Nuevos aires en Estados Unidos: “Los cambios hay que hacerlos cuando las cosas van bien”

Tras varios años en México, Hernán decidió seguir camino al norte. Extrañaba Argentina, extrañaba las calles de Alcorta con sus aromas peculiares, pero sabía que había más por ver y más que aprender, entonces llegó a Miami para presentar un proyecto mexicano en el cual él podría desempeñarse como líder gastronómico.

Arribó añorando los días mexicanos, ¿por qué se había ido si tan bien estaba allí? Si bien su decisión parecía no tener lógica, él conocía los motivos: “Estaba bien personal y profesionalmente, pero los cambios hay que hacerlos cuando las cosas van bien, así el cambio se asimila mejor. Mucha gente opta por hacer cambios cuando las cosas están mal y por ahí se arrastra esa percepción o carga al cambio”.

Sin embargo, su llegada a Estados Unidos no estuvo carente de choques culturales. Miami, al tener tanta diversidad cultural, apareció ante él carente de identidad: “Mucho nivel de vida, pero no así tanto calidad de vida”, opina Hernán

Sin embargo, el argentino incorporó rápidamente la costumbre de cenar a las 19, para lograr una mejor digestión y descansar mejor. Pronto se contagió también del empuje de la sociedad, de aquella necesidad de evolucionar constantemente: “No importa cuánto generaste o tenés, el objetivo es ir por más”.

Esta cualidad, sin embargo, la halló potenciada cuando decidió empacar sus pertenencias y viajar más al norte aún, hasta llegar a Texas. Y allí, en una región casi inhóspita, encontró aquello que pensó que hacía tiempo había dejado atrás.

En West Texas aterrizó con una invitación para participar en un nuevo proyecto. Había tenido que buscar en Google Maps la ubicación, no tenía idea de dónde quedaba y quería por lo menos sentir que eso sí lo sabía. Su mirada quedó desconcertada al toparse con un paisaje poco acogedor a primera vista, pero todo cambió cuando las primeras interacciones acontecieron: allí, a miles de kilómetros de distancia, Hernán descubrió una atmósfera que le recordaba a su pueblo, Alcorta.

“Gente de trabajo, que le dan valor a la palabra. Gente generosa”, dice emocionado. “La adaptación a cultura de gente tan trabajadora y ambiciosa todavía la estoy transitando, pero acá hallé una calidad humana y valores muy altos. Muy parecido al interior de Argentina”, asegura Hernán, quien allí se encuentra en el armado de un proyecto culinario importante para la zona y las ciudades alrededor: “Me gusta convocar talentos extranjeros y con capacidades y actitudes de aprender. El nivel de involucramiento y responsabilidad son más altos”.

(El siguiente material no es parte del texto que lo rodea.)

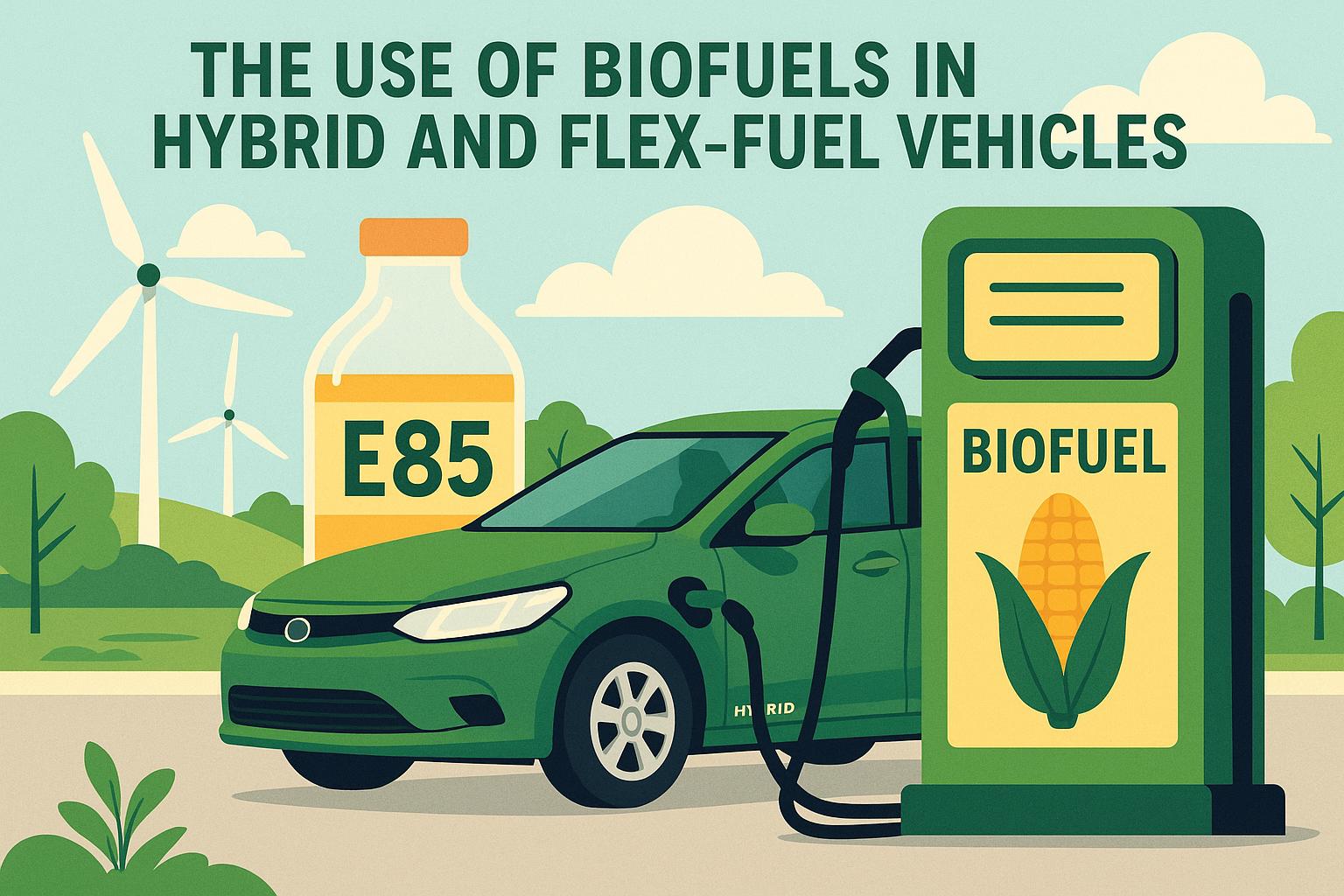 The use of biofuels in hybrid and flex-fuel vehicles.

Lo esencial aplicado al presente y la maravilla de ver el mundo: “Creo que es importante para toda persona hacer una experiencia fuera de tu país de origen”

Allá a lo lejos quedaron los veranos eternos de fútbol, bicicleta, pesca de ranas y tardes de aromas exquisitos en la panadería. Hernán, amante de despertar los sentidos, quiso ver el mundo para expandir su pasión por la cocina, pero fue Alcorta, ese pueblo que supo cobijar su infancia, el artífice de su instinto explorador, su imaginación y su don de compañerismo.

A aquellos recuerdos regresa el argentino con el propósito de evitar que la complejidad adulta lo lleve a olvidar lo importante en la vida; y ea Alcorta, donde yace el tesoro de la infancia, es a donde vuelve cada vez que puede para recargarse de identidad esencial y aplicarla a su presente.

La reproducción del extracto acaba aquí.